Expansi ke barat, expansi Pamalayu, dipimpin oleh Senopati Mpu Nala, angkatan laut Majapahit berhasil menaklukkan kerajaan Samudra Pasai, Jambi, Palembang, Swarnabhumi (Sriwijaya), Tamiang dan negeri-negeri lain di Swarnadwipa (Sumatera). Kemudian juga Langkasuka, Kelantan, Kedah, Selangor, Pulau Bintan, Tumasik (Singapura) dan Semenanjung Malaka.

Selanjutnya kapal-kapal perang Majapahit mendarat di Tanjungpura, menundukkan Sambas, Banjarmasin, Pasir, Kutai dan sejumlah negeri seperti Kapuas, Katingan, Sampit, Kotalingga (Tanjunglingga), Lawai, Kotawaringin, Kandangan, Landak, Samadang, Tirem, Sedu, Brunei, Kalka, Saludung, Solok, Pasir, Barito, Sawaku, Tabalung, Tanjungkutei dan Malano.

Seluruh penguasa Sumatera, Kalimantan dan pulau-pulau di sekitarnya berhasil ditaklukkan Majapahit hanya dalam waktu tujuh tahun setelah Sumpah Palapa dikumandangkan.

Kemudian gerakan expansi dilaksanakan ke timur dan berhasil menaklukkan kerajaan Bedahulu (Bali) dan Lombok. Expansi dilanjutkan ke timur lagi, menaklukkan Logajah, Gurun, Seram, Hutankadali, Sasak. Makasar, Buton, Banggai, Kunir, Galiyan, Salayar, Sumba, Sumbawa Muara (Saparua), Solor, Bima, Wandan (Banda), Seram Ambon, Timor dan Dompo. Seluruh penguasa wilayah timur nusantara berhasil ditaklukkan, termasuk pulau Irian (Papua), Sangir Talaud dan beberapa wilayah Filipina bagian selatan.

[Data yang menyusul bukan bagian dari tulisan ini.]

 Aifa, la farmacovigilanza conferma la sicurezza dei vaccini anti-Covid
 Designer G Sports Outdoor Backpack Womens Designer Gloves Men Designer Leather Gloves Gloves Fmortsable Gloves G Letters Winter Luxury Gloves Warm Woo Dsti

Di bawah kerajaan Majapahit, wilayah kekuasaan Singasari dulu diperluas lagi menjadi wilayah yang sekarang dikenal sebagai wilayah nusantara. Bahkan kerajaan Sriwijaya di Palembang, yang adalah kerajaan terkuat di wilayah barat, berhasil dikalahkannya, sehingga panji-panji kebesaran Majapahit berkibar di seluruh nusantara. Walaupun kerajaan Majapahit tidak secara nyata menguasai daratan dan lautan, tetapi kerajaan-kerajaan yang menjadi penguasanya berhasil ditundukkannya. Pasukan Mongol pun, yang beberapa kali dikirim untuk menyerang Majapahit, berhasil diusir kembali.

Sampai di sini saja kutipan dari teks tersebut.